As a photography enthusiast and amateur camera equipment tinkerer and lens maker, I had gained quite a reputation in our local photography enthusiasts for this strange skill. What does it have to do with architecture, you may ask? Answer: Tweaking a camera lens actually gave me my first project.
Yes. Good things can come from strange hobbies.
A friend from our photography group once asked me if I could tweak a broken camera lens which could be used for reverse macros (Google it, you’ll be surprised) and I did. A few days later he asked me if I would help him build a small holiday home. I accompanied his family to the beautiful site with a terrific view of a hill in September of 2011. Since I those were initial days of independent work for me, I did not have a workplace so we met and signed the architectural agreement letter in a popular hangout place a week after the site visit! Yay!
The house was planned as three main load bearing stone walls which divided the house into three spaces: Entrance porch, living area and a private sleeping area all of which face the hill. This beautiful hill changes colour and nature with every season and is a perfect view for this house. The house itself was pushed back towards the back of the site for an unrestricted view of the hill beyond the trees.
Being a high rainfall area, the building was planned to have a fabricated two side sloping roof with an independent roof for the porch on a lower level. Instead of clay tiles, we chose cement tiles as they were heavier to prevent them from flying off due to heavy winds. We used the height that this roof profile allowed in the living and private area to carve out a mezzanine floor under which we provided for two bathrooms and a kitchenette. The mezzanine overlooking the private space was closed and only accessed from the common mezzanine and was used as a service and storage area. The upper mezzanine opens into a cantilevered balcony with a view of the wilderness behind the site.
Experiences with the client:
The house was designed as a weekend home for a couple and their two children who love to invite their extended family and friends to stay with them in this quiet area. Being photography and wildlife enthusiasts, they were looking at something that will feel like a weekend retreat merging with the lush environment of the surroundings. All four of them visited the construction site almost every weekend. For more than a year since construction began, I’ve spent almost every alternate Saturday with them on site. Going through the ups and downs of construction, major budgeting concerns (crisis), delays and handling contractors with them has made me closer to the family and I’m thankful for that.
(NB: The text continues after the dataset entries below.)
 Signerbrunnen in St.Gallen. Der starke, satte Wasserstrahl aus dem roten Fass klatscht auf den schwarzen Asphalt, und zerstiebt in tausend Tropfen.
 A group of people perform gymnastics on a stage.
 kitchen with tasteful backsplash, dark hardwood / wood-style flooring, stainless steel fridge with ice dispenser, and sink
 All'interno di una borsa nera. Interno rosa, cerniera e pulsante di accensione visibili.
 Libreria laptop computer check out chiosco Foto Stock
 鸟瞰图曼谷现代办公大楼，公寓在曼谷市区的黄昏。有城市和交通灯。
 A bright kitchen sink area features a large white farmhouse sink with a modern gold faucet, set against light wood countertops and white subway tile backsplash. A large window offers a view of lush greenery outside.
Experience with the structural engineer:
My friend recommended that I a young engineer working for a senior structural designer who encouraged him to take up the project. Mahesh sent me an entire set of building code guidelines for stone masonry construction from India and abroad to read up which I spent many a days deciphering and incorporating into the structure. Small suggestions from him like using in-situ RCC blocks instead of through stones into the load bearing walls helped in cutting costs. Having had some experience interacting with structural engineers in my previous workplace helped me immensely.
Experiences with the contractor:
The contractor was a local youngster with a small team of masons and was very enthusiastic about working on a project slightly different from the usual fare of RCC framed structure and plastered brickwork. We got him to source black basalt stone from local stone quarries nearby. One of the most challenging things for him was casting and fixing the cantilevered RCC steps. He (and I) were doing something like this for the first time, but took up the challenge head on. Together we did! Although I must say the process was so much more rewarding than the final outcome!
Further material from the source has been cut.